▶ **Records provided**
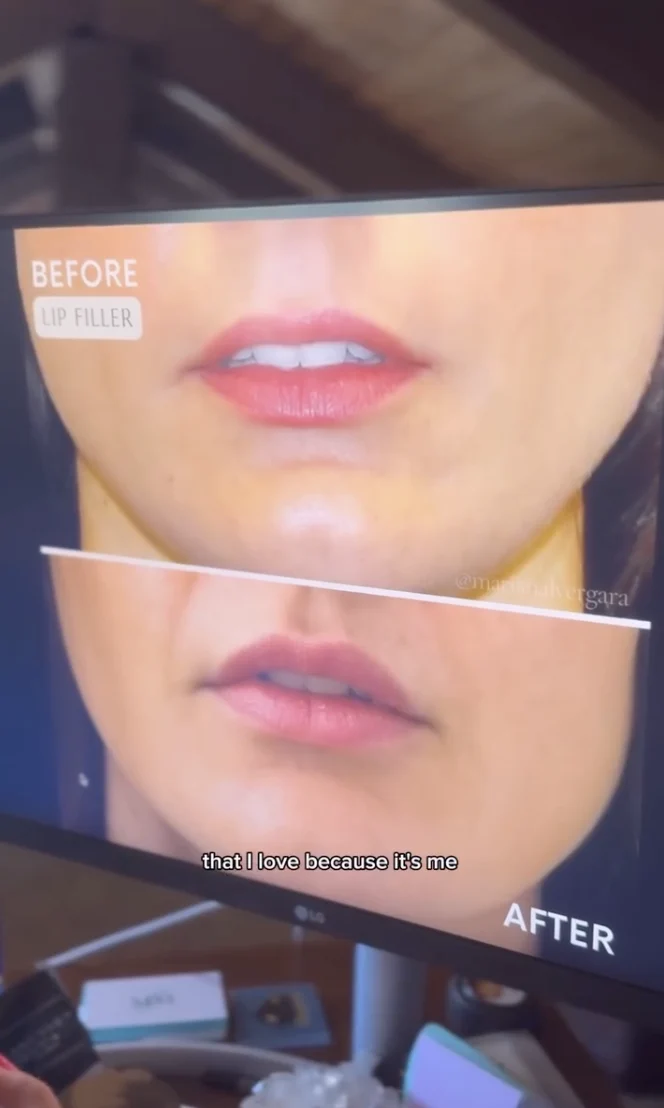 Before and After comparison of a Lip Filler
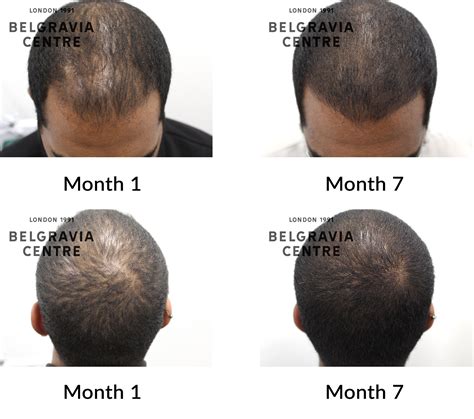 How To Fix Uneven Hair Growth Black Male at Ellie Roseby blog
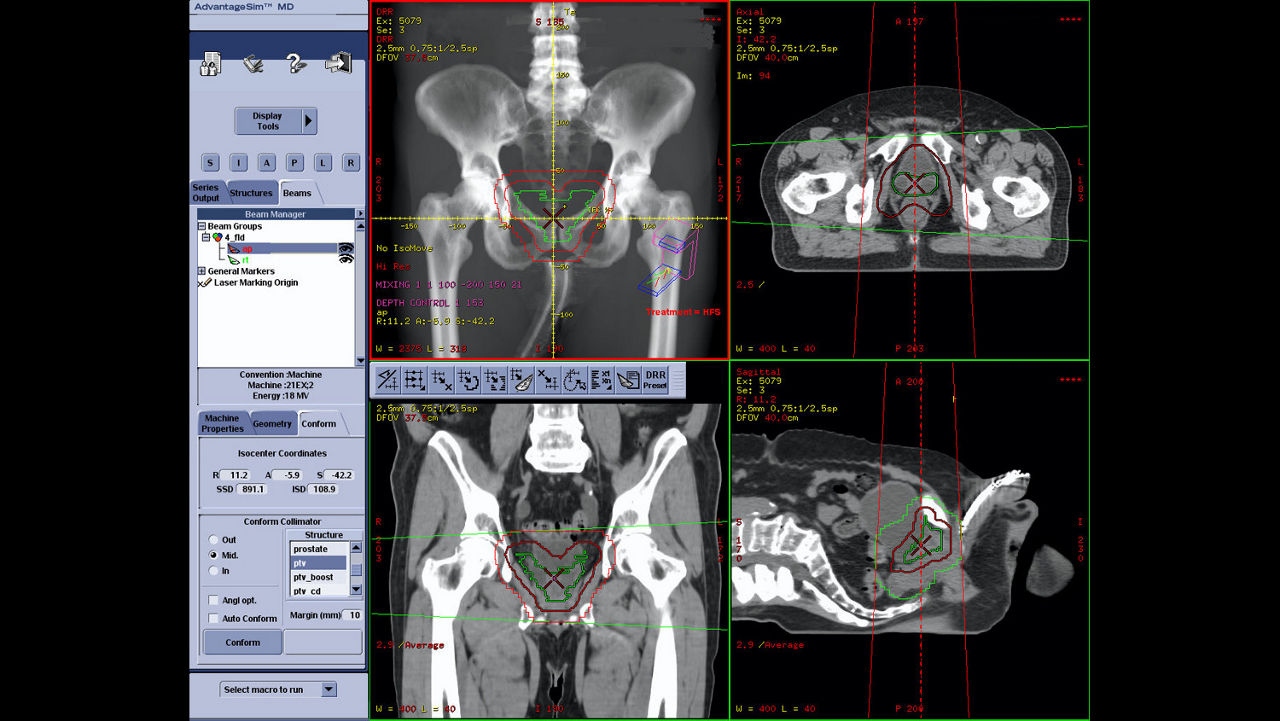 dvanced-visualization-applications-advantagesim-md-aw-advantagesim-md-clinical-image-5
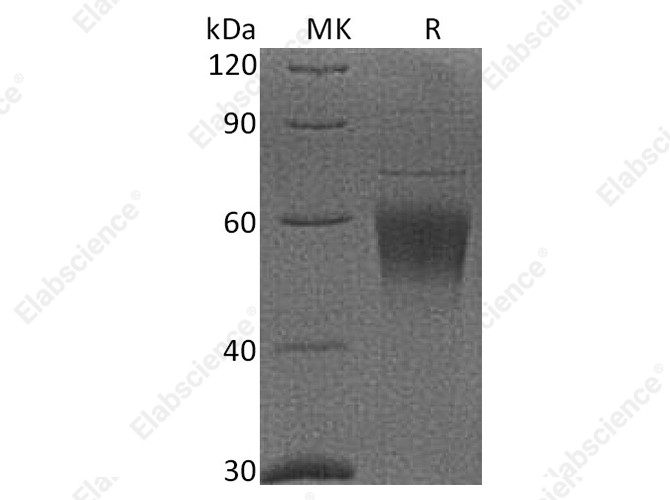 Recombinant Cynomolgus CRTAM/CD355 Protein (His Tag) - 1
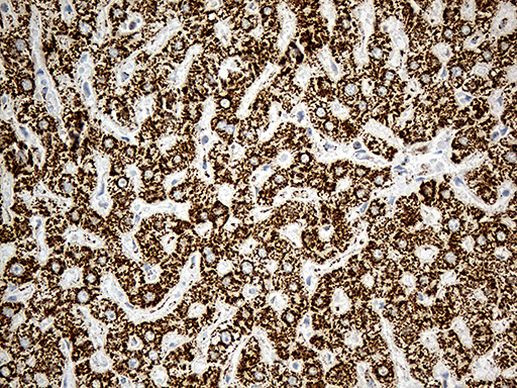 ACADM Antibody in Immunohistochemistry (Paraffin) (IHC (P))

▶ **Exercise requirements**
Starting at the line that contains "How To Fix Uneven", write out exactly each line through the last one in the listing above, leaving out the pictures and adding nothing else.

▶ **Solution for this task**
 How To Fix Uneven Hair Growth Black Male at Ellie Roseby blog
 dvanced-visualization-applications-advantagesim-md-aw-advantagesim-md-clinical-image-5
 Recombinant Cynomolgus CRTAM/CD355 Protein (His Tag) - 1
 ACADM Antibody in Immunohistochemistry (Paraffin) (IHC (P))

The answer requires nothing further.